Taiwanese mangoes have strong potential for sales growth in the Japanese market because of their quality, Tainan County Commissioner Su Huan-chih (蘇煥智) said yesterday.
Su, who last week returned from a trip to Japan to promote domestic mangoes, said yesterday that his recent investigation into Japanese markets suggests that Taiwanese mangoes have great potential there.
According to Su, promotional exhibitions held in Tokyo and Osaka early this month attracted hundreds of dealers, who responded positively to the Irwin variety of Taiwanese mango.
Su said that recently completed steam sterilization facilities in Tainan County will help ensure the quality of domestic fruit.
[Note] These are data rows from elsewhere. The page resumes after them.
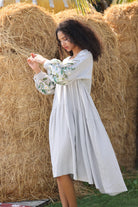 Woman in a dress standing among hay bales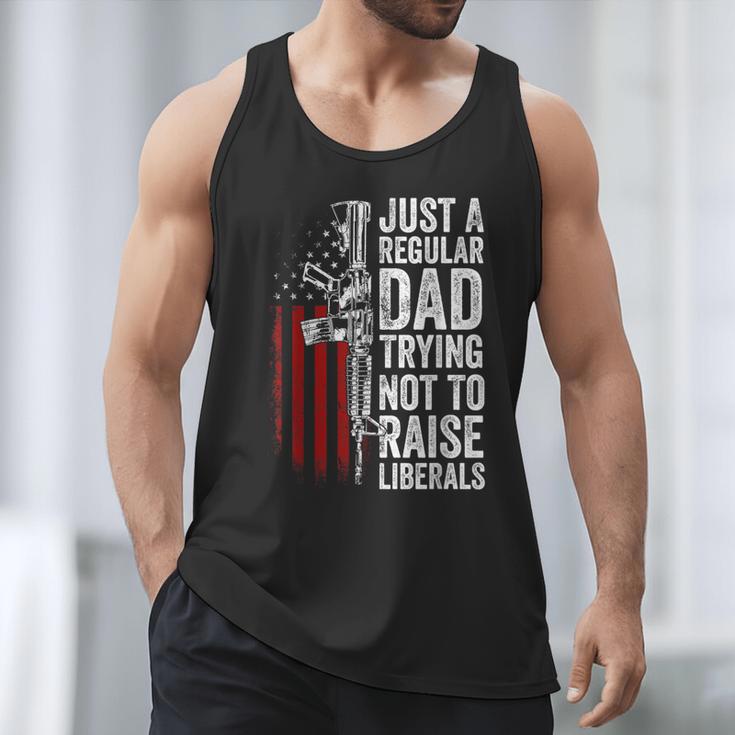 Just A Regular Dad Trying Not To Raise Liberals Father's Day Men Tank Top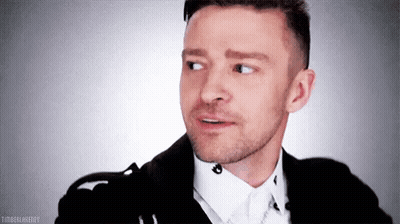 A Man With A Beard Is Wearing A Black Jacket And White Shirt And Making A Funny Face . GIF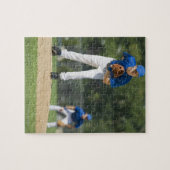 Baseballspieler, der sich darauf vorbereitet, den  puzzle (Horizontal)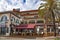 People dine on the open veranda of cafe on the resort of Lloret de Mar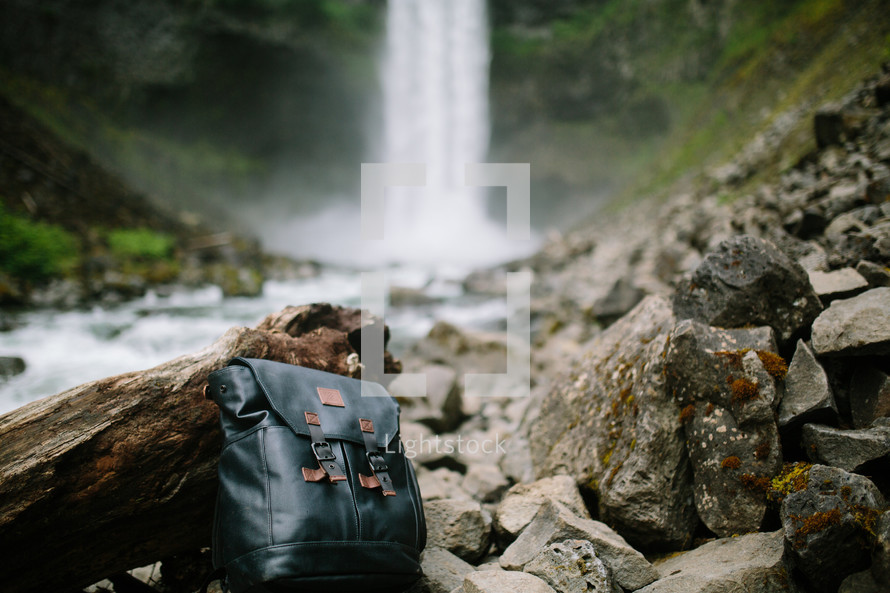 a backpack on rocks near a waterfall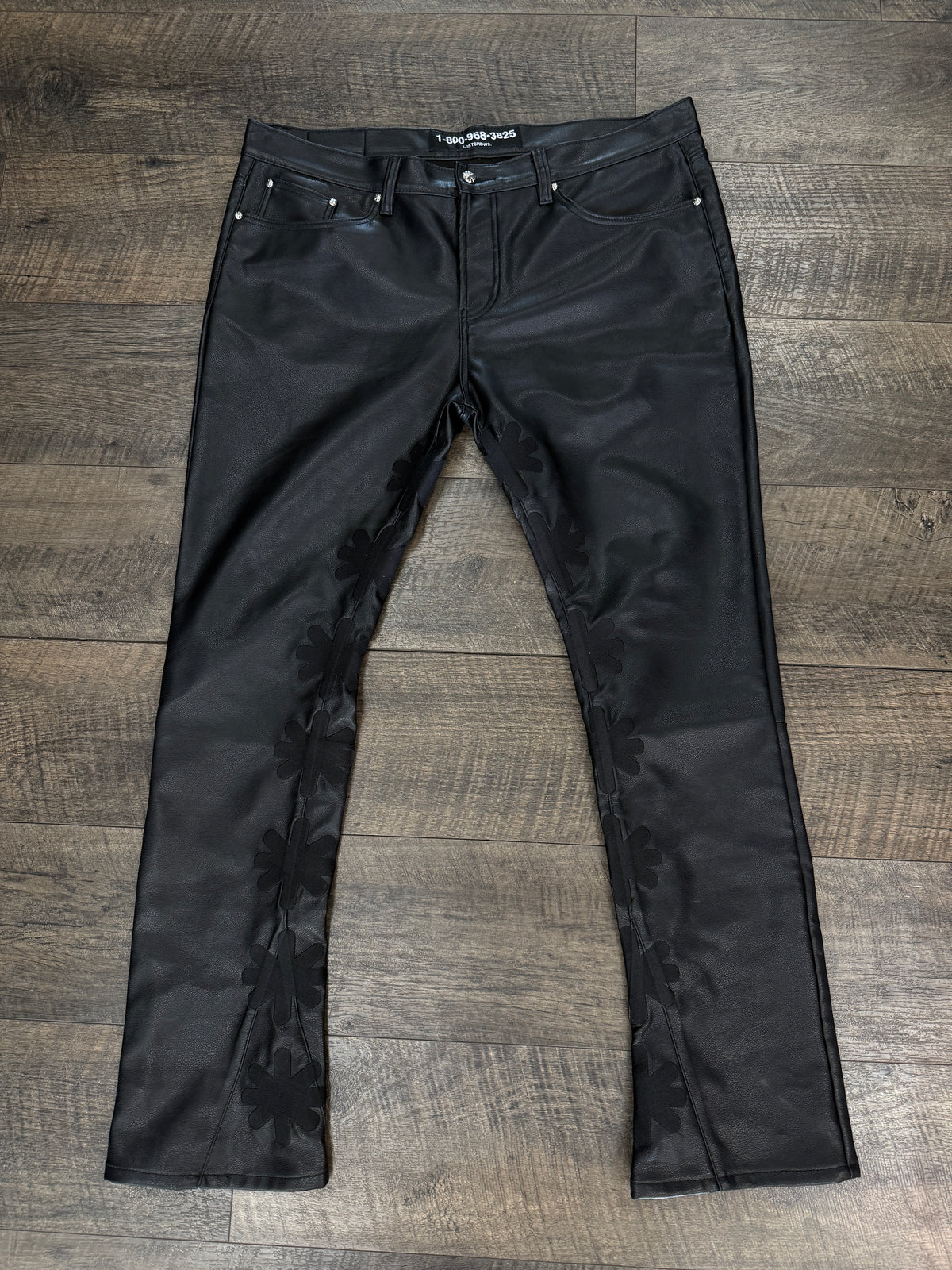 LOSTSHDW FLORAL FAUX LEATHER PANTS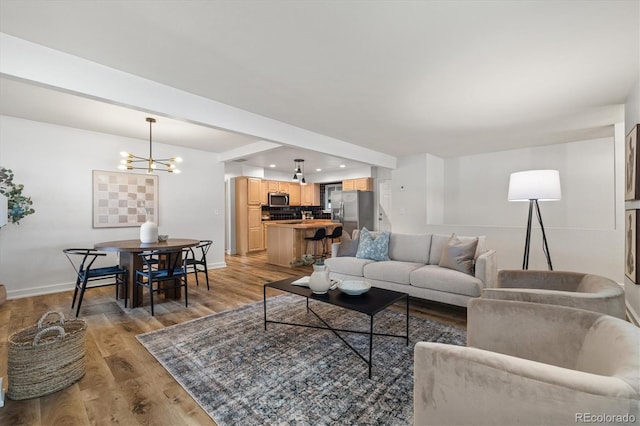 6290 Quail St, Arvada, CO 80004 - living room featuring a chandelier and light wood-style flooring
"Our mango consignments exported to Japan will all be accompanied by a completed sanitary certificate. In addition to the quality [control], we also have to ensure the quantity and that the packaging is well-designed," Su said.
Su said he found that the price of a mango from Mexico or Taiwan sold in ordinary supermarkets was only about NT$172, while that of a Japanese mango sold in a top-end department store fetched NT$1,056.
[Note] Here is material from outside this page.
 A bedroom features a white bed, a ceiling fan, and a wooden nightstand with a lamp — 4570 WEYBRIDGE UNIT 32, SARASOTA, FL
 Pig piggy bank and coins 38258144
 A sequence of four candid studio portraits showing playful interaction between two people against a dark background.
Given that, Taiwan should try to promote its mangoes into Japan's high-spending market, Su said.
Mangoes were introduced to Taiwan by the Dutch. In 1954, Taiwanese farmers began to grow foreign varieties that were introduced from the US by the government. Among them, the Irwin variety has become the most popular.
Last year, Tainan County exported 501 tonnes of Irwin mangoes to Japan, valued at US$2 million. This year, the county government hopes to triple the amount it exports to Japan.
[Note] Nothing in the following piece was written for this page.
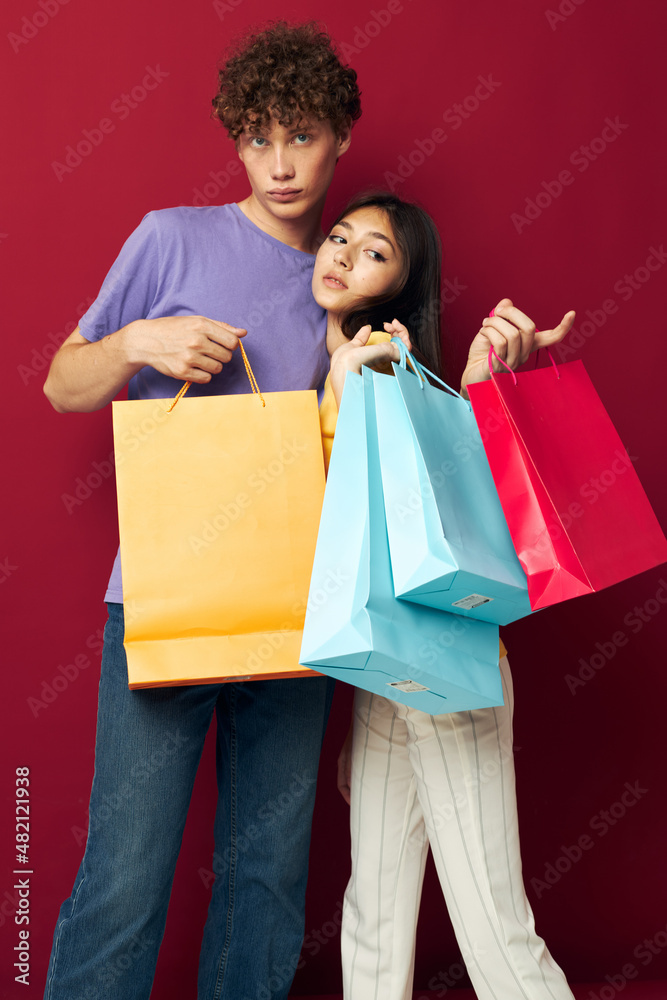 cute young couple in colorful T-shirts with bags Shopping red background unaltered cute young couple in colorful T-shirts with bags Shopping red background unaltered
Su said that focusing on exporting Taiwanese fruit to China, which recently promised to exempt 15 types of Taiwanese agricultural products from tariffs, was not a good idea.
"Quality Taiwanese fruit and other agricultural products deserve to be promoted in advanced countries that consume a large amount of quality products, rather than developing countries," Su said.
Meanwhile, representatives of opposition parties, including the Chinese Nationalist Party (KMT) and the People First Party (PFP) visited the Council of Agriculture (COA) yesterday, to urge council officials to facilitate exporting Taiwanese agricultural products to China.
Hu Fu-Hsiung (胡富雄), deputy minister of the council, said that the semi-official Taiwan External Trade and Development Council (TAITRA) had been designated by the government as the only agency to deal with fruit exports to China. Hu said the designation could ensure more transparent agricultural trade with China.
"In the future, bilateral negotiations on related issues, such as tariffs, quarantines, examination, and customs formalities, will be arranged by TAITRA, which will be assisted by agriculture experts, the COA and the Mainland Affairs Council," Hu said.